[Opening Input for this task section]

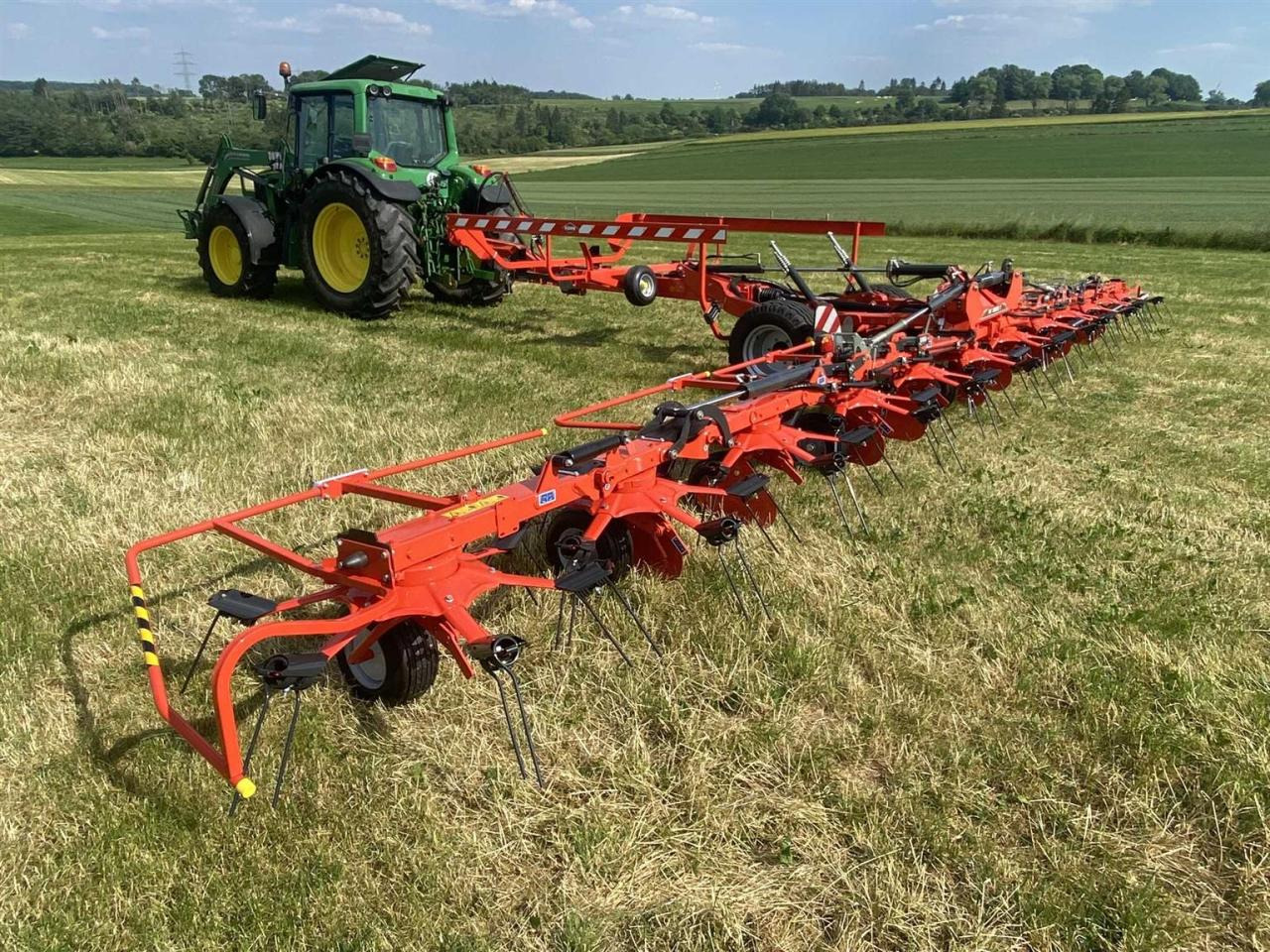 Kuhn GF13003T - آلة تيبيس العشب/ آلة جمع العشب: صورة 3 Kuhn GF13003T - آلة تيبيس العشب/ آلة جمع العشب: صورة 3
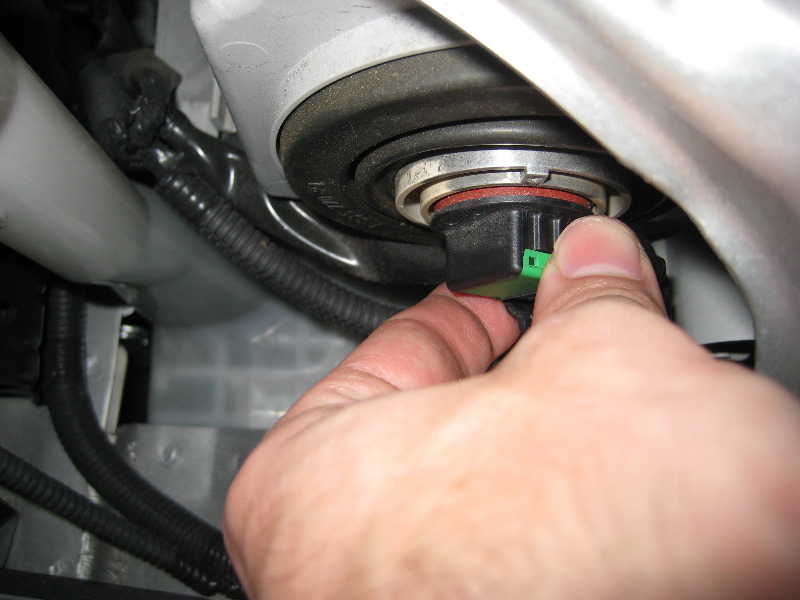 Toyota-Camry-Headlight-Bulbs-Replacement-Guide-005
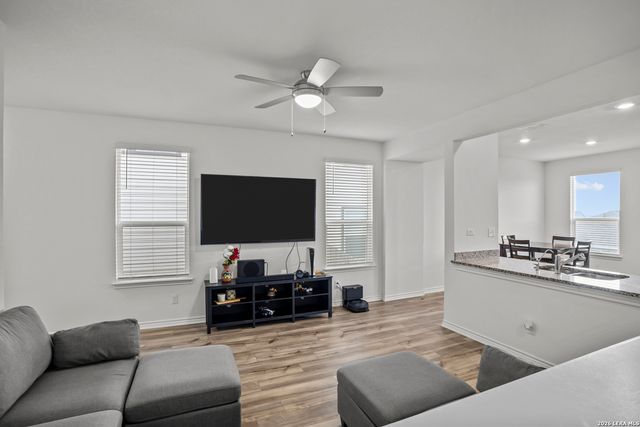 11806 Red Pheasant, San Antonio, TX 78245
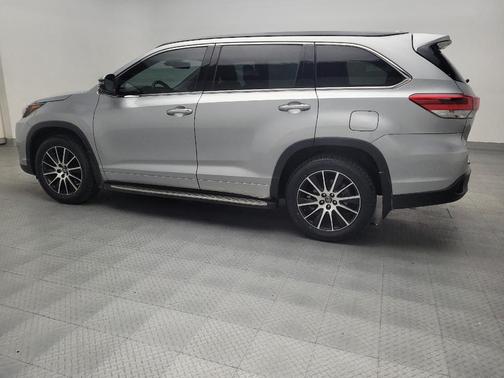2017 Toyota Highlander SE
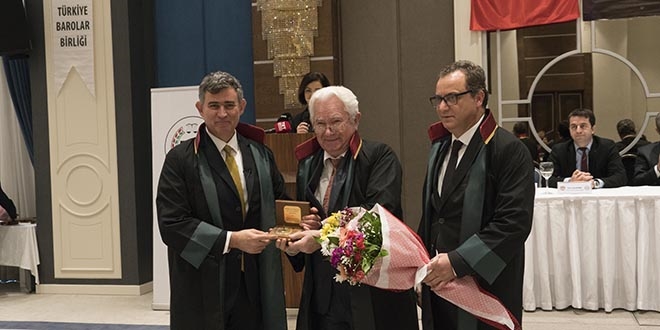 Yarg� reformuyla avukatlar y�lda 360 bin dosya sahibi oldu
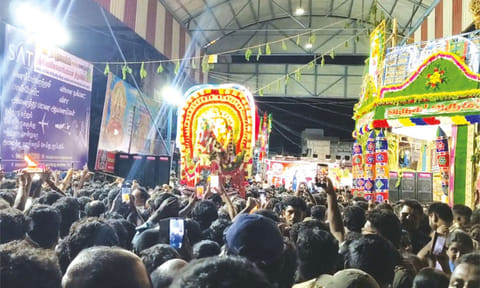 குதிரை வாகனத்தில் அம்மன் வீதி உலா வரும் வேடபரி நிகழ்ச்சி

[Closing Input for this task section]

Work task: Starting at the line that contains "Toyota-Camry-Headlight-Bulbs-Replacement-Guide-005", restate every line through the end of the records exactly as written, but leave the pictures out.

Answer space:
 Toyota-Camry-Headlight-Bulbs-Replacement-Guide-005
 11806 Red Pheasant, San Antonio, TX 78245
2017 Toyota Highlander SE
 Yarg� reformuyla avukatlar y�lda 360 bin dosya sahibi oldu
 குதிரை வாகனத்தில் அம்மன் வீதி உலா வரும் வேடபரி நிகழ்ச்சி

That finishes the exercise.